● **Work to complete**: Without the pictures, set down every line of the data exactly.

^^^^^^^^

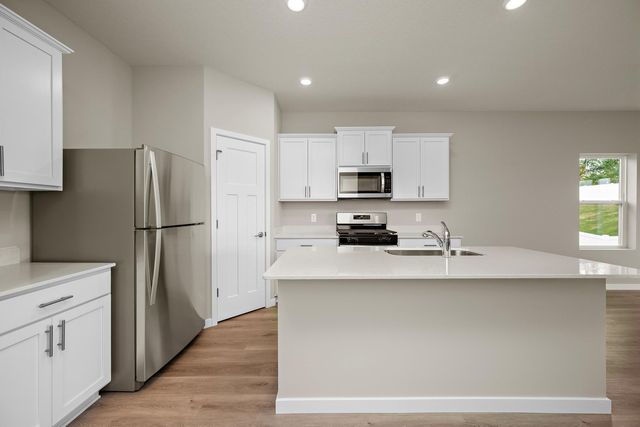 918 Spruce Circle N, Cambridge, MN 55008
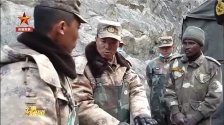 Qi Fabao talking to Indian soldier.jpg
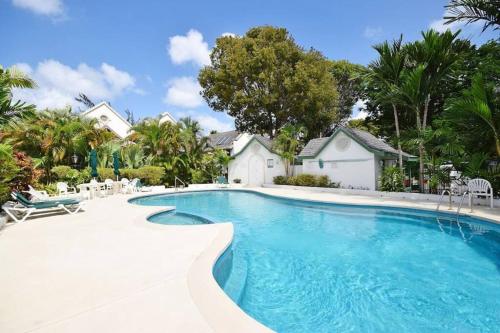Kolam renang di atau dekat dengan Beach Life Villa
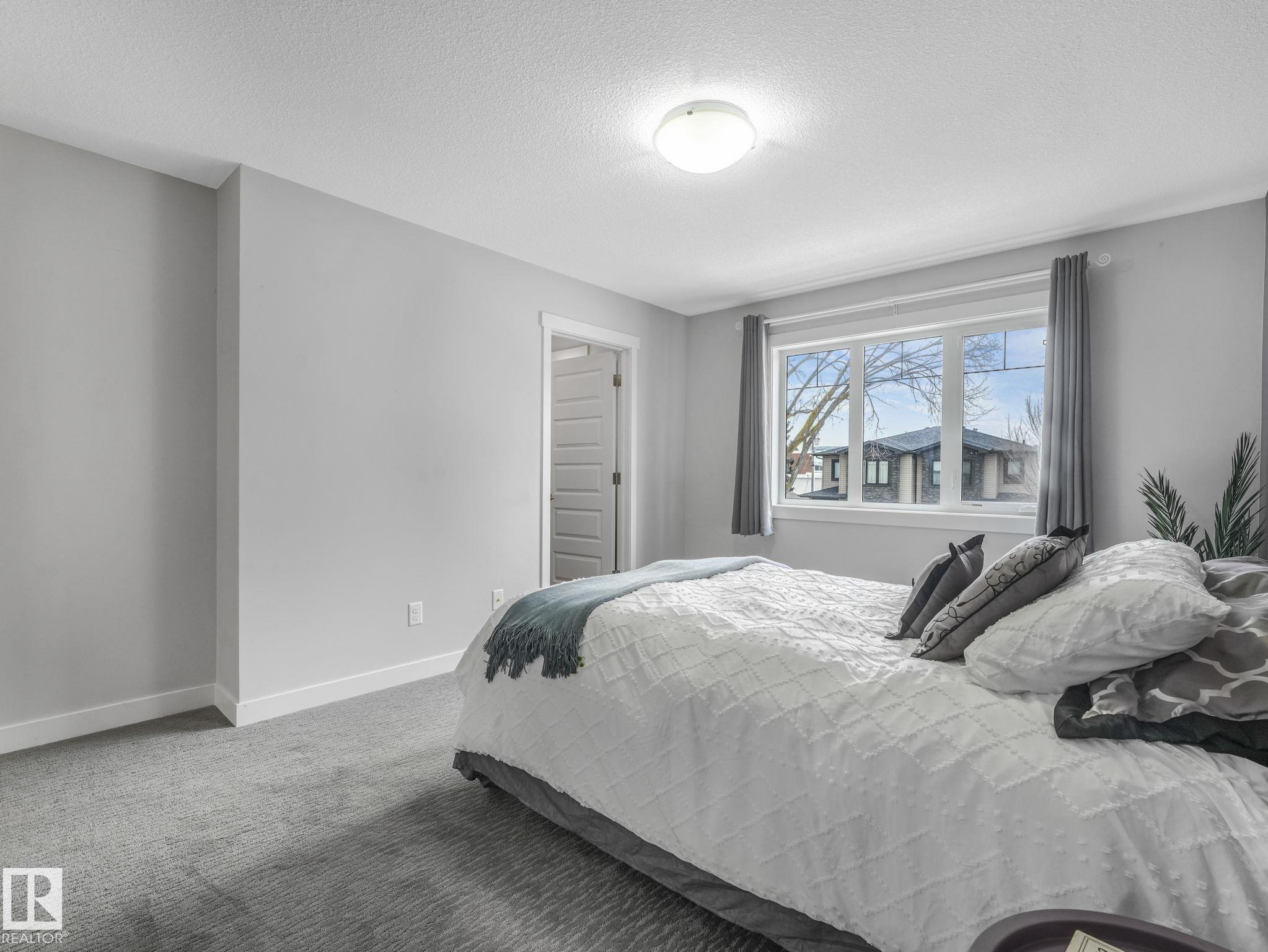 Photo 22 at 8318 79 Avenue NW, King Edward Park, Edmonton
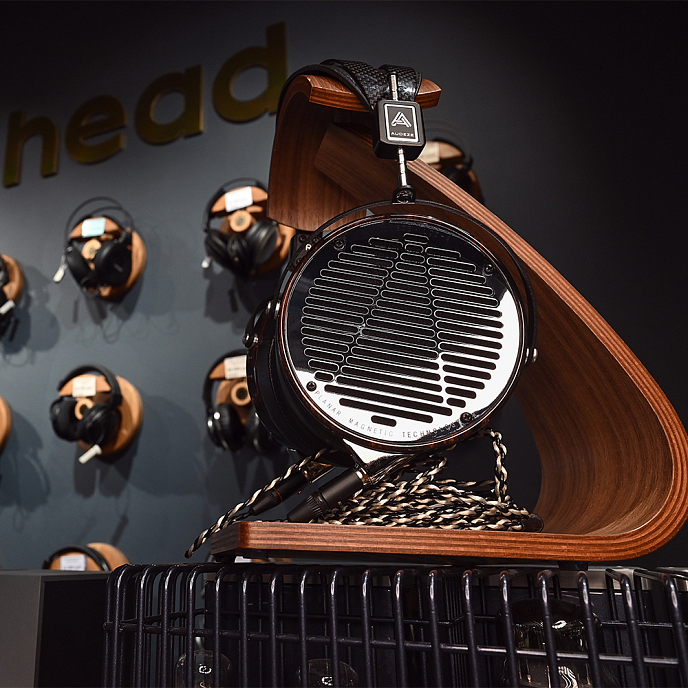 Наушники Audeze LCD-4 - рис.1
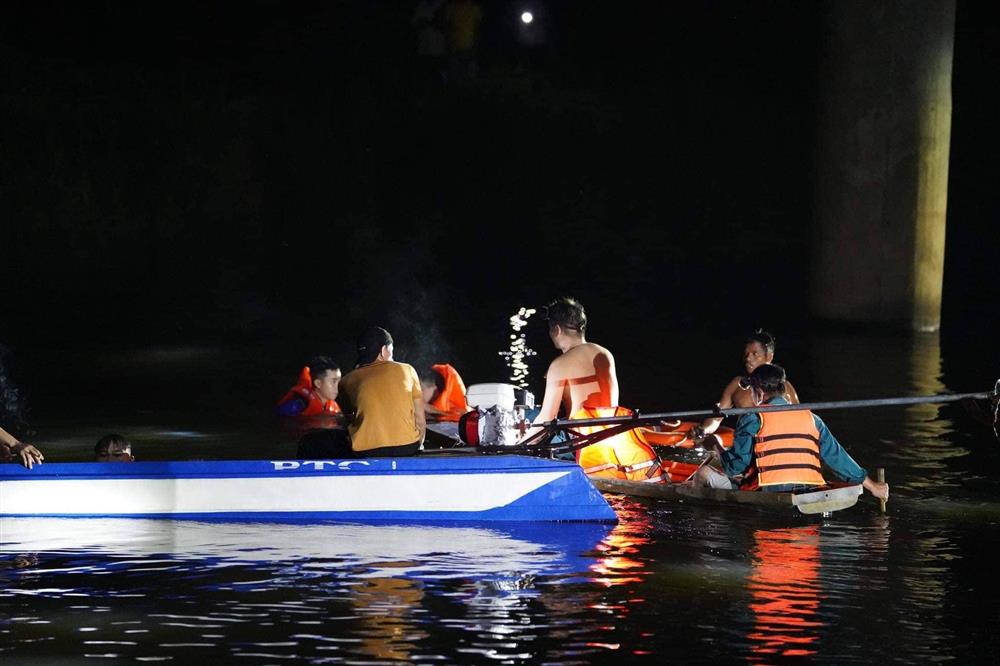 Cả trăm người dàn hàng ngang dưới nước tìm kiếm 3 học sinh mất tích-5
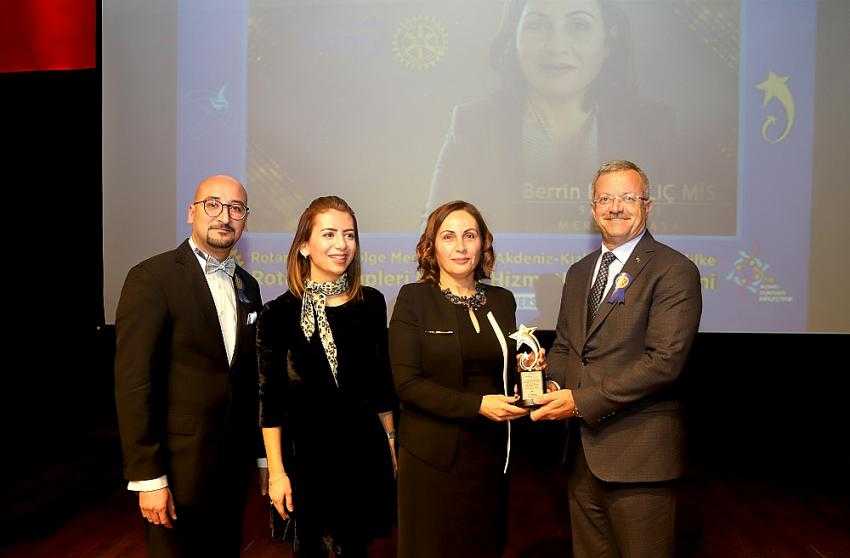 MTOSB’nin kadın sanayicisine ‘Rotary Meslek Hizmet Ödülü’ verildi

^^^^^^^^

● **Result**:
 918 Spruce Circle N, Cambridge, MN 55008
 Qi Fabao talking to Indian soldier.jpg
Kolam renang di atau dekat dengan Beach Life Villa
 Photo 22 at 8318 79 Avenue NW, King Edward Park, Edmonton
 Наушники Audeze LCD-4 - рис.1
 Cả trăm người dàn hàng ngang dưới nước tìm kiếm 3 học sinh mất tích-5
 MTOSB’nin kadın sanayicisine ‘Rotary Meslek Hizmet Ödülü’ verildi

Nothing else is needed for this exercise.